* [RECORD SET]
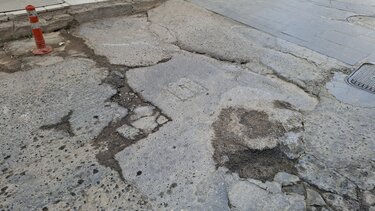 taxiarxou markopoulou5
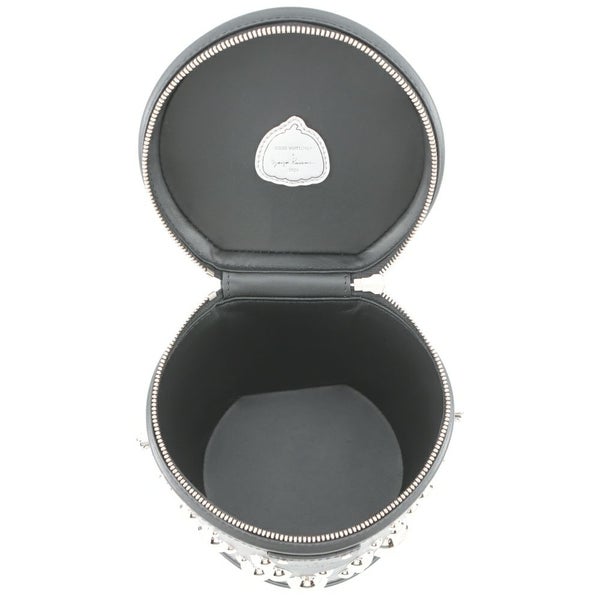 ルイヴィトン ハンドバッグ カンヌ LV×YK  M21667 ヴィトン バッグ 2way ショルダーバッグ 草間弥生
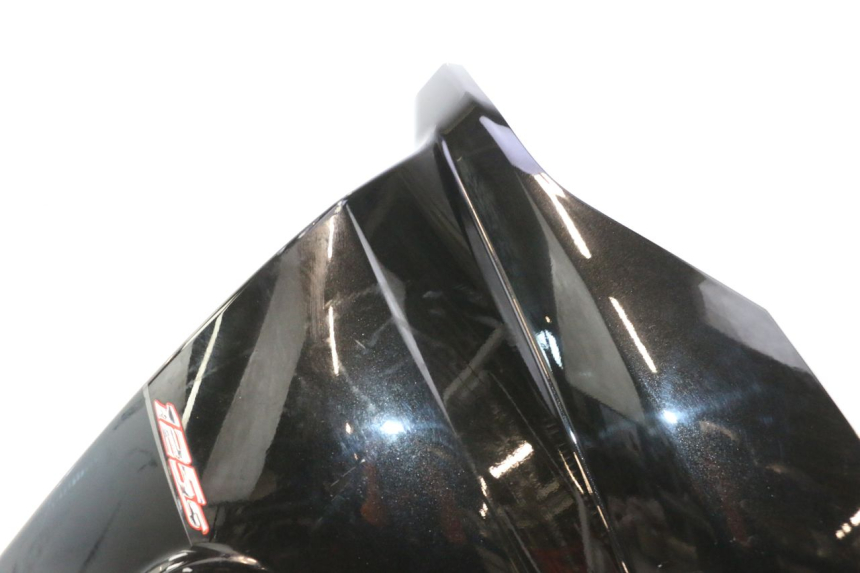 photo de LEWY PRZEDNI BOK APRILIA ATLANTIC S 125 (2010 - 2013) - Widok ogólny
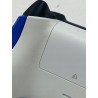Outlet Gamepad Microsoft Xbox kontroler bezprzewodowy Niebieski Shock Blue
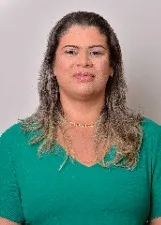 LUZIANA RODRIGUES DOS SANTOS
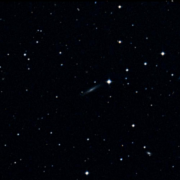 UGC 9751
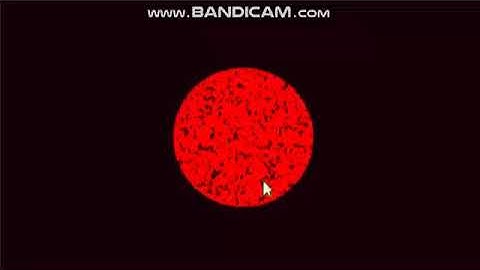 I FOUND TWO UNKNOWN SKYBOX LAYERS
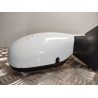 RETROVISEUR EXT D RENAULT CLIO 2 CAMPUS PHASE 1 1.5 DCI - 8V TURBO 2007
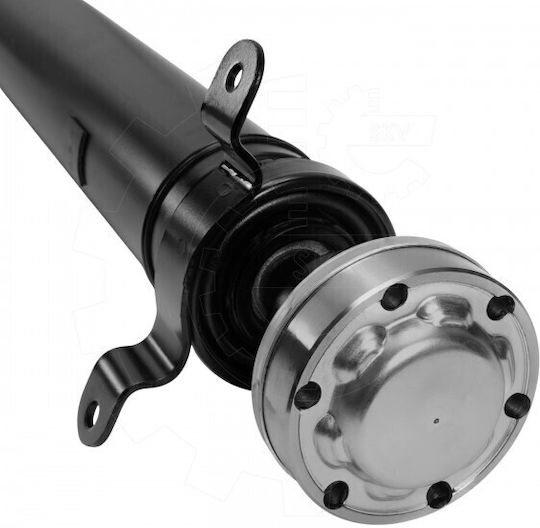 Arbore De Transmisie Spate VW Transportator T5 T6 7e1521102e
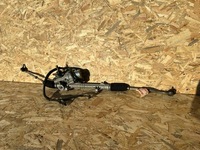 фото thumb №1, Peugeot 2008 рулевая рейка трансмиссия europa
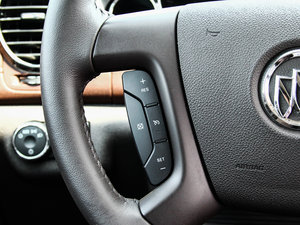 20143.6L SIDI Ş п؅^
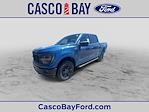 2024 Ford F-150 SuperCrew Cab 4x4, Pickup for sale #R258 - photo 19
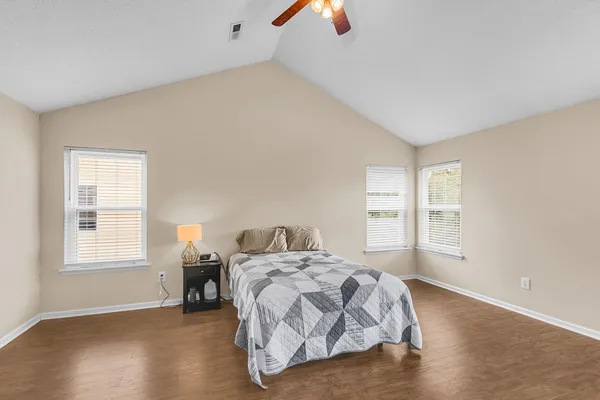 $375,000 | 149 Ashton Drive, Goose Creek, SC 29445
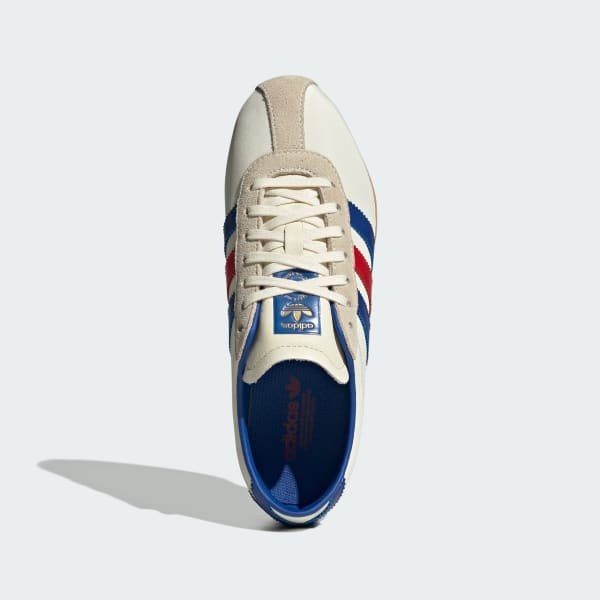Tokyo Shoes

* [EXERCISE INSTRUCTIONS]
All lines from the one containing "RETROVISEUR EXT D" through the end of the entries, both ends included, should be written out exactly, with no pictures.

* [EXPECTED OUTPUT]
 RETROVISEUR EXT D RENAULT CLIO 2 CAMPUS PHASE 1 1.5 DCI - 8V TURBO 2007
 Arbore De Transmisie Spate VW Transportator T5 T6 7e1521102e
 фото thumb №1, Peugeot 2008 рулевая рейка трансмиссия europa
 20143.6L SIDI Ş п؅^
 2024 Ford F-150 SuperCrew Cab 4x4, Pickup for sale #R258 - photo 19
 $375,000 | 149 Ashton Drive, Goose Creek, SC 29445
Tokyo Shoes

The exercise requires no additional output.